Have a great weekend!

ElenaHenderson commented 2 years ago

Please let me know if you are interested in the abilities below and I will figure out how to make them work for multiple repos.

Benchmark results can be posted into a Slack channel like this:

Benchmark results can be posted as PR comments after commit is merged into master:

https://github.com/apache/arrow/pull/12275#issuecomment-1029972722

Committers can request Pull Requests to be benchmarked using this comment: Request: https://github.com/apache/arrow/pull/12164#issuecomment-1014212259 Response: https://github.com/apache/arrow/pull/12164#issuecomment-1014212304

dianaclarke commented 2 years ago

@andygrove I no longer work on Arrow benchmarks, but you might be able to make some use of this initial arrow-datafusion & arrow-rust benchmarking spike:

https://github.com/ursacomputing/benchmarks/pull/79/files

IIUC, you would need to do something similar, but in the arrow-datafusion & arrow-rust repos rather than the ursacomputing/benchmarks repo.

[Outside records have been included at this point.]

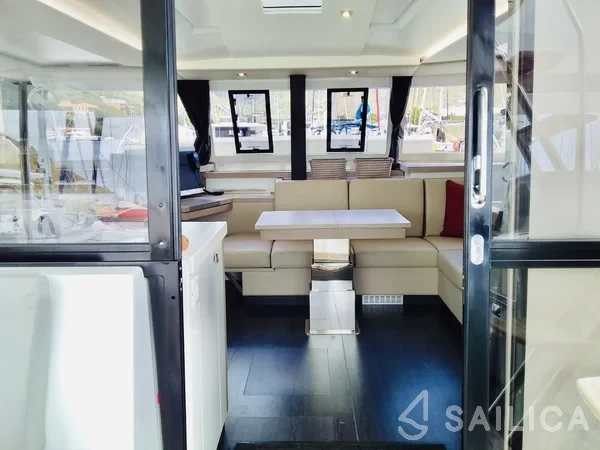Astréa 42 - Yacht Charter Sailica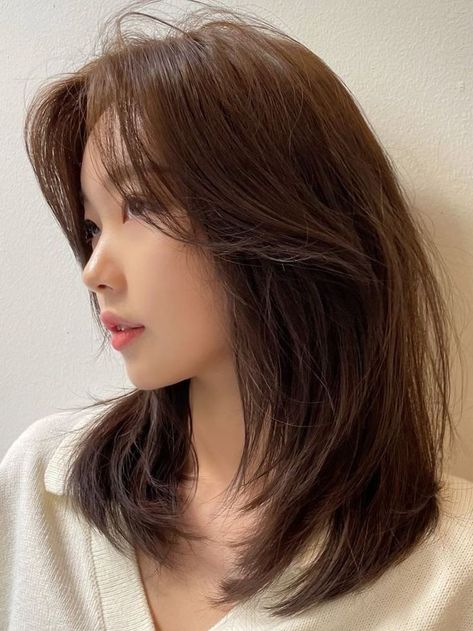 layered shoulder length hair with side bangs Side Bangs With Medium Hair, Korean Medium Hair, Korean Haircut, Hair Inspiration Long, Medium Layered Hair, Bangs With Medium Hair, Hair Tips Video, Shot Hair Styles, Shoulder Length Hair Cuts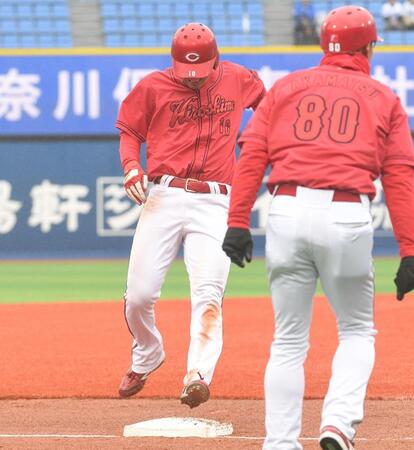 　６回、小園の右前打で三進する一塁走者・佐々木。足を負傷する（撮影・佐々木彰尚）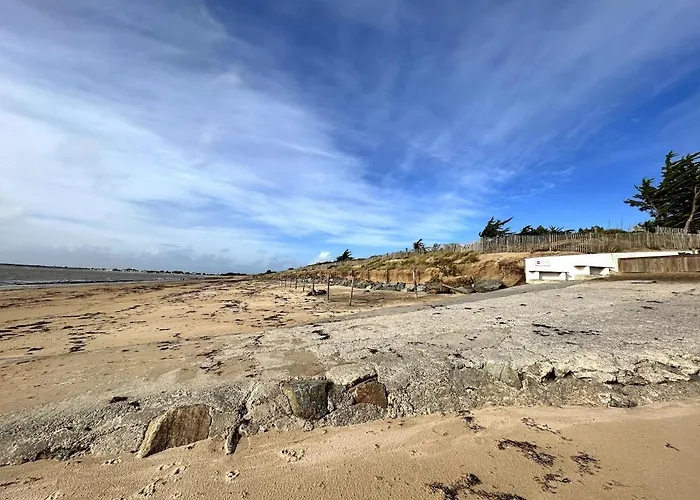 Lovely Fully Renovated Villa *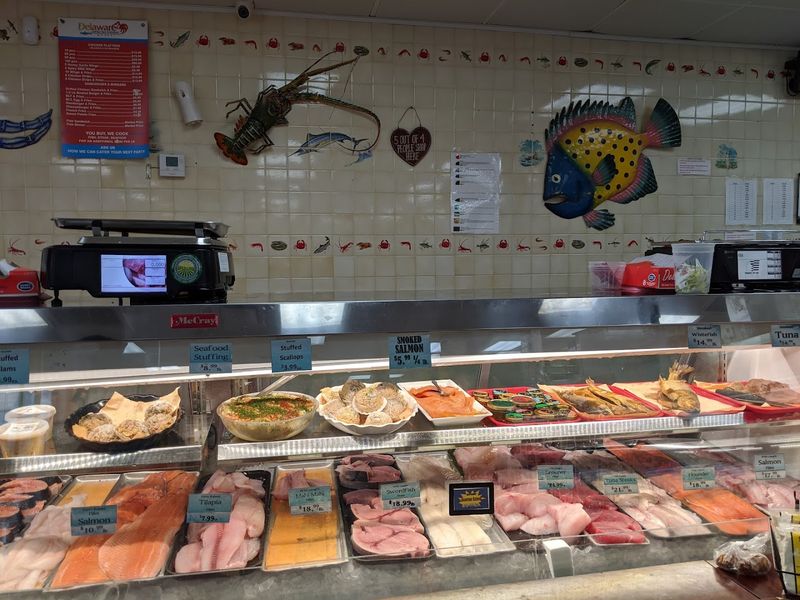 Delaware Chicken Farm & Seafood Market (Hollywood)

andygrove commented 2 years ago

Thank you @ElenaHenderson and @dianaclarke for the responses. I am putting time aside to work on this over the coming week and will let you know if I have more questions.

dianaclarke commented 2 years ago

@andygrove Here are 2 proof of concept pull requests to get you started.

andygrove commented 2 years ago

Hi @ElenaHenderson. Both the arrow-rs and arrow-datafusion repos now have conbench benchmarks checked in.

Could you point me to the relevant documentation for the next step of adding these to a build pipeline?

ElenaHenderson commented 2 years ago

@andygrove Working on the docs now. Sorry for not getting it done sooner.

ElenaHenderson commented 2 years ago

Hello @andygrove ,

The doc for adding new benchmarkable repo: https://github.com/ursacomputing/arrow-benchmarks-ci/blob/main/docs/how-to-add-new-benchmarkable-repo.md

The doc for adding new benchmark machine (once repo is added): https://github.com/ursacomputing/arrow-benchmarks-ci/blob/main/docs/how-to-add-new-benchmark-machine.md

Note that I tested adding arrow-rs repo this morning and ran its benchmarks on one of machines (Ubuntu 20.04) where apache-arrow benchmarks are run and everything worked. Here are results of arrow-rs benchmarks on conbench:

https://conbench.ursa.dev/runs/acb47dec7d3b460da79d55da1ae9db19/

Ping me if you need anything.

Note that I removed all the code I added to test adding arrow-rs repo.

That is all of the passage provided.